About this exercise
Although the data below holds other lines too, output only those from the line with "Orejeras de piel" up to and including the line with "1076 - HH Electronic", exactly as they appear.

Data under study
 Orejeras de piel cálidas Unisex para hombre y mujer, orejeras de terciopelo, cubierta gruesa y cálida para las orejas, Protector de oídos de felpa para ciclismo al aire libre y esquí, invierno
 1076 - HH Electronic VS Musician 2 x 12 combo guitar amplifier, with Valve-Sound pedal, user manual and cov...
--
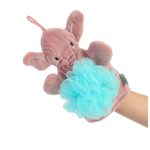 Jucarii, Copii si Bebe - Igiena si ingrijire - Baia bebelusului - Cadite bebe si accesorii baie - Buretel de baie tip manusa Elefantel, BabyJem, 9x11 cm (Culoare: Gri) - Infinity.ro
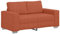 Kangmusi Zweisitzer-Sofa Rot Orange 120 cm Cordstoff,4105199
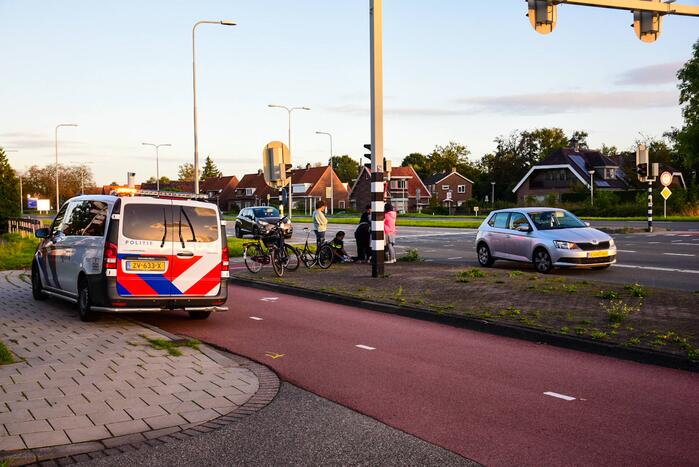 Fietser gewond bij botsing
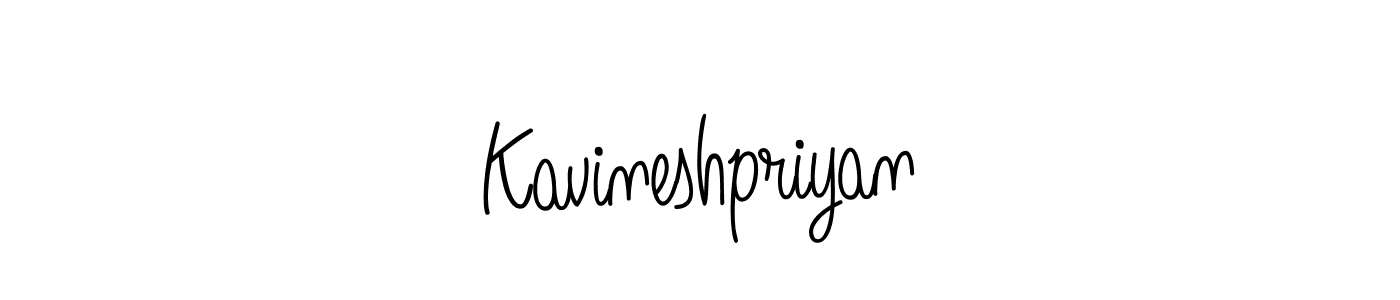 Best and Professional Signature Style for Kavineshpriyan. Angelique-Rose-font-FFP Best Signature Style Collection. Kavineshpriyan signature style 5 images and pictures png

Response to this task
 Orejeras de piel cálidas Unisex para hombre y mujer, orejeras de terciopelo, cubierta gruesa y cálida para las orejas, Protector de oídos de felpa para ciclismo al aire libre y esquí, invierno
 1076 - HH Electronic VS Musician 2 x 12 combo guitar amplifier, with Valve-Sound pedal, user manual and cov...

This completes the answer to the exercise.